1. Stop sitting on the floor. Seriously.
Let’s start with the image above: a sign posted by staff at Shinjuku RUIDO K4. It reads:
NO sitting. Absolutely none.
It’s a tremendous nuisance to other customers. [Sitting] can lead to trouble and injury, so we ask your cooperation in this matter
Most small and mid-sized venues in Japan are general admission, standing room only. Often, either before a show starts or during set changes, fans get bored or tired, but they do not want to lose their spots to the crowd, so they sit right where they are. Unfortunately, this can pose a hazard to staff, performers, and attendees alike. Some venues will have staff making repeated announcements over the PA to discourage fans from sitting on the floor, but often, the requests fall on deaf ears.
What’s interesting about the sign above is the phrasing. It’s rather direct, and more like the way you’d talk to a child than the diplomatic way you’d phrase an official announcement! So there’s your first rule: don’t sit on the floor. If you are at a concert and find that you need to sit, try to move to the walls or find a seated area (some venues have them in the back). Certainly, avoid sitting on steps, in narrow hallways, or any areas of high traffic.

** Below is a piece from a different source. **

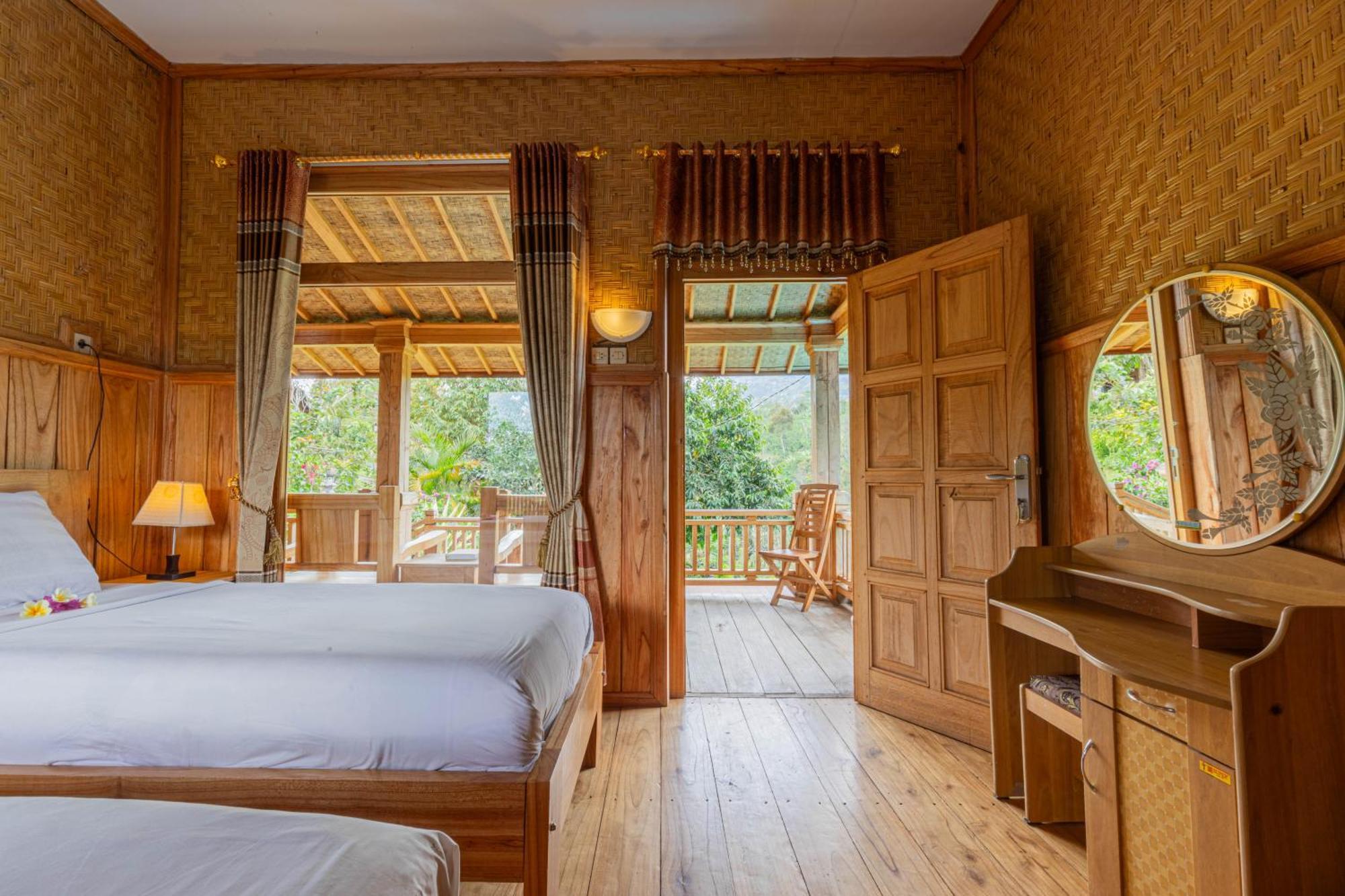 Mulia Garden Bungalows - Monthly Rate Available Selemadeg 외부 사진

2. Don’t send gifts directly to venues.
Here’s another one: The hall on the hill Takadanobaba AREA has been inundated with gifts. Yes, gifts. Disappointingly for the staff, the gifts are meant for artists and performers, not the venue itself. Apparently a substantial number of fans (or a small number with deep pockets?) have been sending these gifts and letters to the venue itself, to the extent they needed to add the following announcement to their homepage’s sidebar:
A Request to Our Customers
Please stop sending letters and presents for performers, as well as other such parcels, directly to our venue.
We apologize sincerely, but we will no longer accept these deliveries. We ask for your understanding.
In general (though there are exceptions), if you wish to give something to a specific artist, please wait until after that artist performs on their scheduled performance date, and hand it to them directly; otherwise, if such arrangements have been made, please leave your item in the artist’s designated present box [on the day of the performance].
To avoid disturbing our neighbors, loitering outside of our venue as artists enter or exit* is prohibited, so please stop handing over your presents in the vicinity of our venue.
With regards to flowers, if you contact us prior to the expected delivery date, we may accept the flowers from the vendor.
In such a situation, please refrain from sending excessively large items or items that need to be plugged in. We [also] cannot accept requests regarding where the items are to be displayed.
As well, please refrain from picking flowers from the bouquets we have received.
We humbly beg for your understanding and cooperation.
*入待ち “Irimachi” and 出待ち “demachi” are the names given to the acts of waiting for a band as they enter the venue and as they exit the venue, respectively. Almost all venues discourage or explicitly prohibit the former, as it is disruptive to performers as they are trying to set up and rehearse and any such interruptions can delay a show; many venues also discourage the latter out of concern for their surroundings. Irimachi and demachi are informal and can include as little as watching or waving at a band from afar, or as much as approaching performers to deliver gifts or strike conversation.
Translated by jazz
Apparently, fans were treating Takadanobaba AREA as a proxy for their favorite performers’ management. It’s one thing to send a flower arrangement for an anniversary live, or to hand-deliver a heartfelt letter or thoughtful gift on the day of a performance. It’s quite another to shower a venue in gifts with the expectation that they will pass it on to the appropriate recipient!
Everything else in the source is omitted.